**ACTION ITEM:** Repeat exactly each line of the material, starting from the line that contains "Сірий Фольксваген Пассат, об'ємом" and finishing with the final line.

┌─ DATA SUPPLIED

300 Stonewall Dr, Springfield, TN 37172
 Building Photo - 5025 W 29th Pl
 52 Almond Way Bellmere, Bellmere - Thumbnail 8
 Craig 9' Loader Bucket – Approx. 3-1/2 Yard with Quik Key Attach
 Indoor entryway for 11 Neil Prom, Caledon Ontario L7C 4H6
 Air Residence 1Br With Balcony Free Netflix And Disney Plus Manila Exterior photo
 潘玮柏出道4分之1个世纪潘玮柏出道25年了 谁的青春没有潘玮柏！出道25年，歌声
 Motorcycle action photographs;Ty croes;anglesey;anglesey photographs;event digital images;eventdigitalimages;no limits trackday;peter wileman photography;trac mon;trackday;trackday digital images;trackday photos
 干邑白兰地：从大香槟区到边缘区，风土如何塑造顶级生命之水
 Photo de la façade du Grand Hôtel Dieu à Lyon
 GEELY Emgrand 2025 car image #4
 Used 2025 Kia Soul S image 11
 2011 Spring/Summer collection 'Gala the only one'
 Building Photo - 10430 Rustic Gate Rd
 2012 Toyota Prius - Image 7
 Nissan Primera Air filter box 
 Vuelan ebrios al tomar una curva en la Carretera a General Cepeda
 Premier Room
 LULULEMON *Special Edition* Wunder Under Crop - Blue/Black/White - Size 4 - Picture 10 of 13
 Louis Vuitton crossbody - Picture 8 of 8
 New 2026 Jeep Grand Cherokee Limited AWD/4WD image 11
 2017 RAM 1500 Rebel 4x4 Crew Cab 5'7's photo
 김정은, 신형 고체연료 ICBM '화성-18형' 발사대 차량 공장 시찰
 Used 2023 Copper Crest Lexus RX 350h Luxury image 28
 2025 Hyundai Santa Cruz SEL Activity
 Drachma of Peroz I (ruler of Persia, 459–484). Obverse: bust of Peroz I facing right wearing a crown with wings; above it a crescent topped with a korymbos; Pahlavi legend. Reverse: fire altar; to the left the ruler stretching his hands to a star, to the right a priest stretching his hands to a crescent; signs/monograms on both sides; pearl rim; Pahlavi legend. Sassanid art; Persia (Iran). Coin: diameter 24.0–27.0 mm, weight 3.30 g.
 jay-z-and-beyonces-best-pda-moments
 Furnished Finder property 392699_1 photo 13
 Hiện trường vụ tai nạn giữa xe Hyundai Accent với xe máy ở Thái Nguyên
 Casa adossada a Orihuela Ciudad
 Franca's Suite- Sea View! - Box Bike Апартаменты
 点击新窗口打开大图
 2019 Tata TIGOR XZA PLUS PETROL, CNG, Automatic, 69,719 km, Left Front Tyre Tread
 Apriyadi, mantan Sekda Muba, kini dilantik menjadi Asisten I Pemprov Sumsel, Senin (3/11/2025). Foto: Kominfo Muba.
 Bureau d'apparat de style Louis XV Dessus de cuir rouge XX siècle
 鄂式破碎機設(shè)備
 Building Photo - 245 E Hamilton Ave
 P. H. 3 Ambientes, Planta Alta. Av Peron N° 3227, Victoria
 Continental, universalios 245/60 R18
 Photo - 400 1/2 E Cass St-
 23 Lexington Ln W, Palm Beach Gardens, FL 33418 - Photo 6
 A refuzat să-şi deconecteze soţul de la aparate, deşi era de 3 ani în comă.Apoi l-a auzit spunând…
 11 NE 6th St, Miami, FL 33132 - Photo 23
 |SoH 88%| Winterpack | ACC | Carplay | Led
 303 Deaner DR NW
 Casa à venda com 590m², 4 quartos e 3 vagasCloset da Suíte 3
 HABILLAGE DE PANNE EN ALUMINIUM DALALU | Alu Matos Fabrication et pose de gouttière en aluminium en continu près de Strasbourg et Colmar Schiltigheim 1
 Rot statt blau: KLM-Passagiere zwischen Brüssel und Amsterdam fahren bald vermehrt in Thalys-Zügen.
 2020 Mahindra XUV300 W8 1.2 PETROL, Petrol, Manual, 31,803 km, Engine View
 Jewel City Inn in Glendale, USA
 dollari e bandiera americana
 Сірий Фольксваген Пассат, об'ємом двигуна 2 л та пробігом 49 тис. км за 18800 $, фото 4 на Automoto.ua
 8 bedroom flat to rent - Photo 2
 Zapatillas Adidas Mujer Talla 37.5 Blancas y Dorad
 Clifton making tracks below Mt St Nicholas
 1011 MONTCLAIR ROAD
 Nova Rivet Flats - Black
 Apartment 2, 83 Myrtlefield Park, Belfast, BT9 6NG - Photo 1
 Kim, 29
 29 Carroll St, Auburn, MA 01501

└─

**FINISHED TASK:**
 Сірий Фольксваген Пассат, об'ємом двигуна 2 л та пробігом 49 тис. км за 18800 $, фото 4 на Automoto.ua
 8 bedroom flat to rent - Photo 2
 Zapatillas Adidas Mujer Talla 37.5 Blancas y Dorad
 Clifton making tracks below Mt St Nicholas
 1011 MONTCLAIR ROAD
 Nova Rivet Flats - Black
 Apartment 2, 83 Myrtlefield Park, Belfast, BT9 6NG - Photo 1
 Kim, 29
 29 Carroll St, Auburn, MA 01501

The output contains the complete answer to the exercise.